Ainsi Problemos semble parfois rejouer une ritournelle bien connue, d'autant qu'il beaucoup moins le non-sens que son prédécesseur (sans doute en raison d'un manque de budget, encore une fois). Cependant le film ne se limite pas à sa veine comique, puisqu'il entend poser sa vision du monde. En effet le retrait de cette famille dans une communauté permet au cinéaste d'interroger notre rapport à la numérisation, tout en discourant sur la formation d'un ordre social. La hiérarchie est-elle intrinsèquement liée à la fondation d'un ordre nouveau ? C'est probablement la question la plus intéressante posée par le film, derrière sa façade comique un peu ratée dans sa seconde partie, notamment lorsque la personnalité d'Éric Judor est mise en retrait, au bénéfice de seconds rôles relativement inégaux. La radicalité n'est plus aussi fascinante, et peut-être que le metteur en scène aurait à gagner à creuser le sillon de sa collaboration avec Ramzy. Celle-ci donnait lieu à un comique presque expérimental, tout à fait inédit dans la comédie française contemporaine. Néanmoins l'expérience Problemos vaut la peine d'être vécue, en raison des grands signes de contemporanéité qui y sont passer en revue.

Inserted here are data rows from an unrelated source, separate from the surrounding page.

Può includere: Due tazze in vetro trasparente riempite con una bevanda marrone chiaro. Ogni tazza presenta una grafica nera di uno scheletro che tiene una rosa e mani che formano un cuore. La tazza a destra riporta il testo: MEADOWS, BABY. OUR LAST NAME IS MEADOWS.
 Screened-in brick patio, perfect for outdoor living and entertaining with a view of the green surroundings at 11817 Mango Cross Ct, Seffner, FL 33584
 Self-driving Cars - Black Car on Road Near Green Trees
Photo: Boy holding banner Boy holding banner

Plus inégal, mais moins foisonnant et dissonant que La Tour 2 Contrôle Infernale, le dernier film en date d'Éric Judor, Problemos, demeure assez recommandable. Variation pittoresque de The Walking Dead, celui-ci charrie en son sein une radicalité moins affirmée, mais qui suscite toujours le rire. L'idiotie est toujours une sorte de profession de foi, dans un monde où plus rien ne semble avoir de sens (la redéfinition, très gratinée, de la temporalité), et dans un champ de la comédie qui affirme de plus en plus sa singularité.